ASSIGNED TASK:
Copy only the lines between the one containing "Elstead GZH-MALV - LED" and the end of the records, both included, leaving out pictures.

Captioned web images
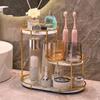 UV Plate Iron Frame Storage Rack Decoration Dressing Table Women's Skincare Cosmetics Holder Bathroom Makeup Toiletries Stand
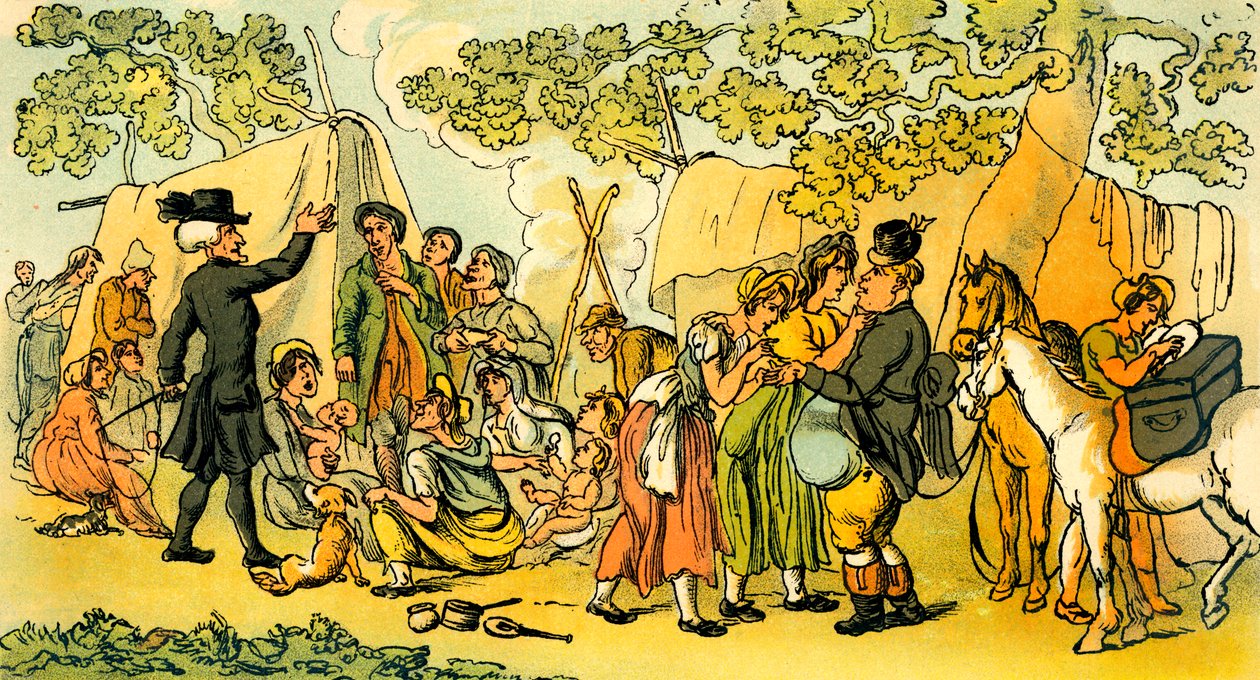 Dr Syntax et les gitans - Thomas Rowlandson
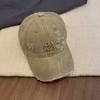 Vintage Distressed Baseball Cap for Women Spring Summer Washed Cotton Adjustable Snapback Hat Fashion Trendy Small Face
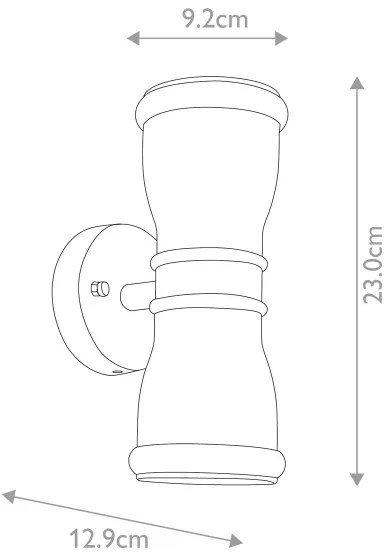 Elstead GZH-MALV - LED Kültéri fali lámpa MALVERN 2xGU10/7W/230V IP44
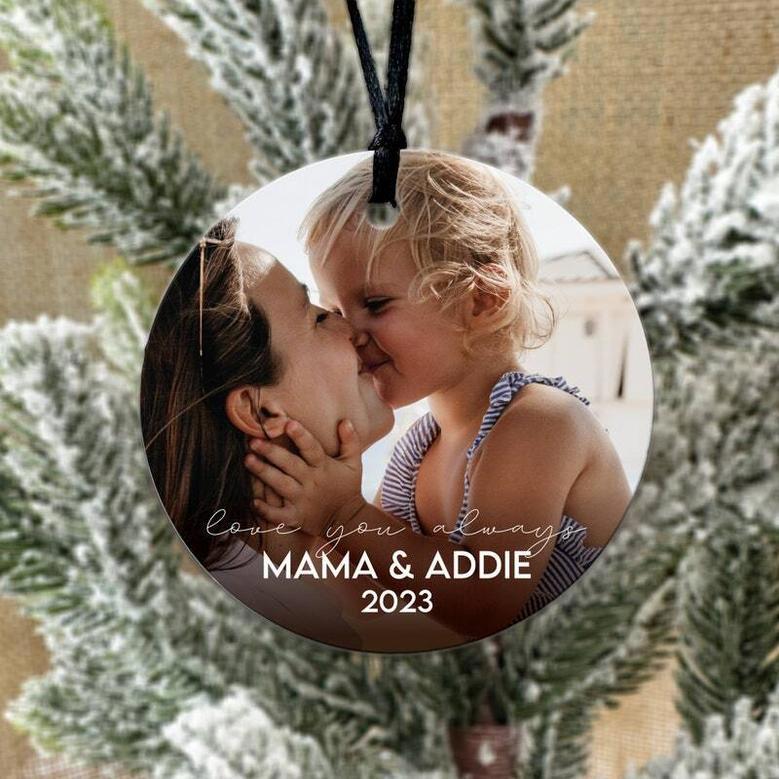 Personalized Mother Daughter Holiday Ornament For Kids - Special Family Keepsake, Customizable From Dad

COMPLETED TASK:
 Elstead GZH-MALV - LED Kültéri fali lámpa MALVERN 2xGU10/7W/230V IP44
 Personalized Mother Daughter Holiday Ornament For Kids - Special Family Keepsake, Customizable From Dad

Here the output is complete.